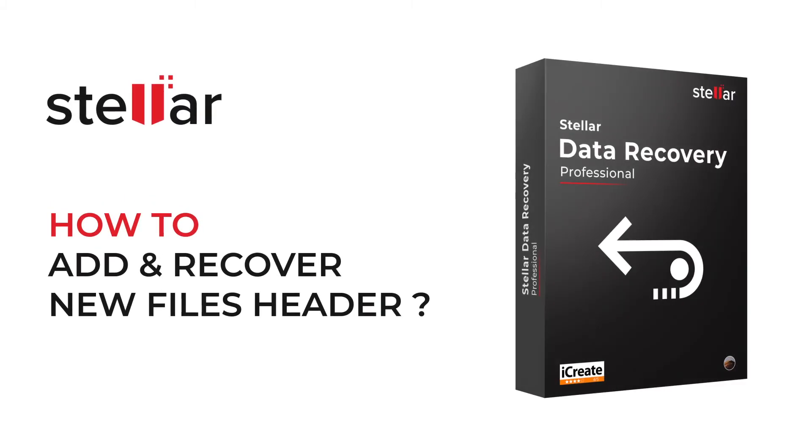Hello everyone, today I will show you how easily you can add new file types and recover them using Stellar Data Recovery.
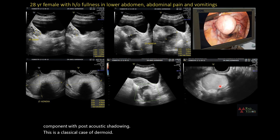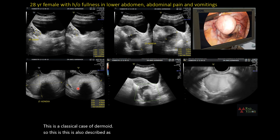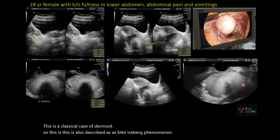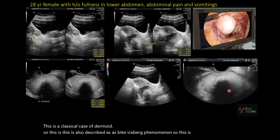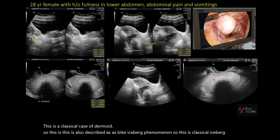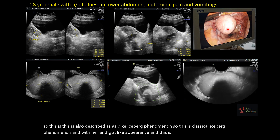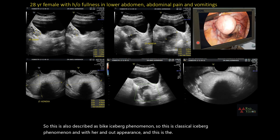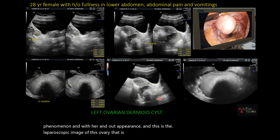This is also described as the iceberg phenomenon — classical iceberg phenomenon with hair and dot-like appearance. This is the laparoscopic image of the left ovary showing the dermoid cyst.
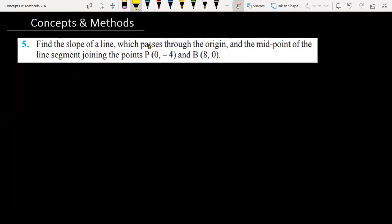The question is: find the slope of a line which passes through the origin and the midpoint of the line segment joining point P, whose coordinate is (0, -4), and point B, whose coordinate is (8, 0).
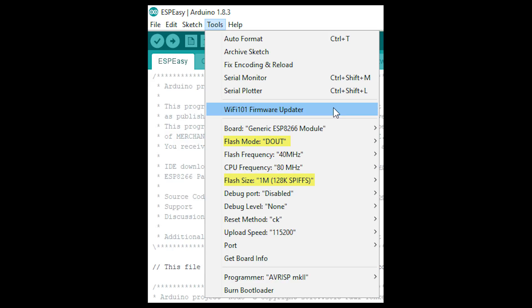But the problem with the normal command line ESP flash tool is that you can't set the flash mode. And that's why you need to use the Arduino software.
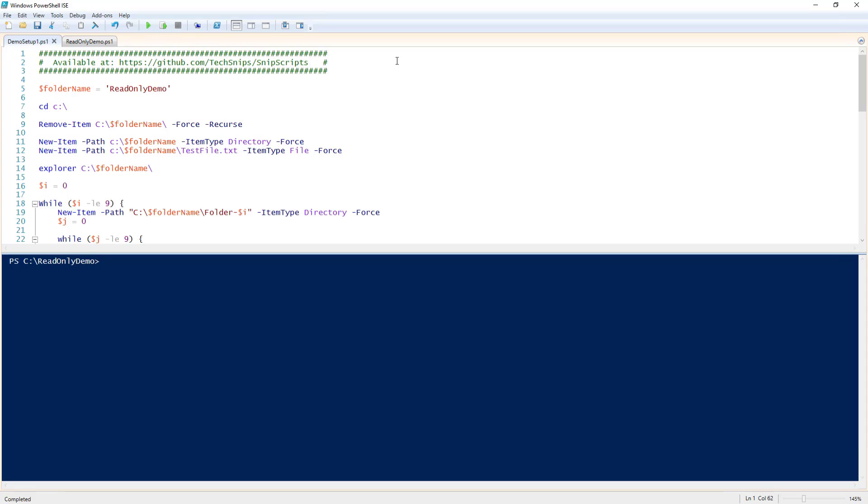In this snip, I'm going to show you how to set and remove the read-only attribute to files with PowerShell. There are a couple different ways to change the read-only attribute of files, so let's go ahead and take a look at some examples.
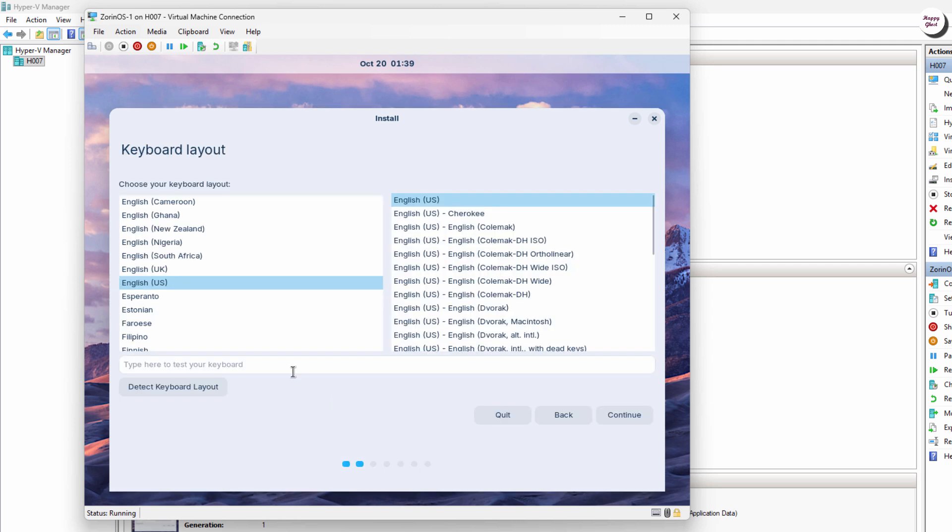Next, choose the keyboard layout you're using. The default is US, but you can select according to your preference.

--

PROBLEM STATEMENT:
Every line in the data above needs to be given again exactly, pictures aside.

ANSWER FOR THIS EXERCISE:
Hello everyone, today I will show you how easily you can add new file types and recover them using Stellar Data Recovery.
This is also described as the iceberg phenomenon — classical iceberg phenomenon with hair and dot-like appearance. This is the laparoscopic image of the left ovary showing the dermoid cyst.
The question is: find the slope of a line which passes through the origin and the midpoint of the line segment joining point P, whose coordinate is (0, -4), and point B, whose coordinate is (8, 0).
But the problem with the normal command line ESP flash tool is that you can't set the flash mode. And that's why you need to use the Arduino software.
In this snip, I'm going to show you how to set and remove the read-only attribute to files with PowerShell. There are a couple different ways to change the read-only attribute of files, so let's go ahead and take a look at some examples.
Next, choose the keyboard layout you're using. The default is US, but you can select according to your preference.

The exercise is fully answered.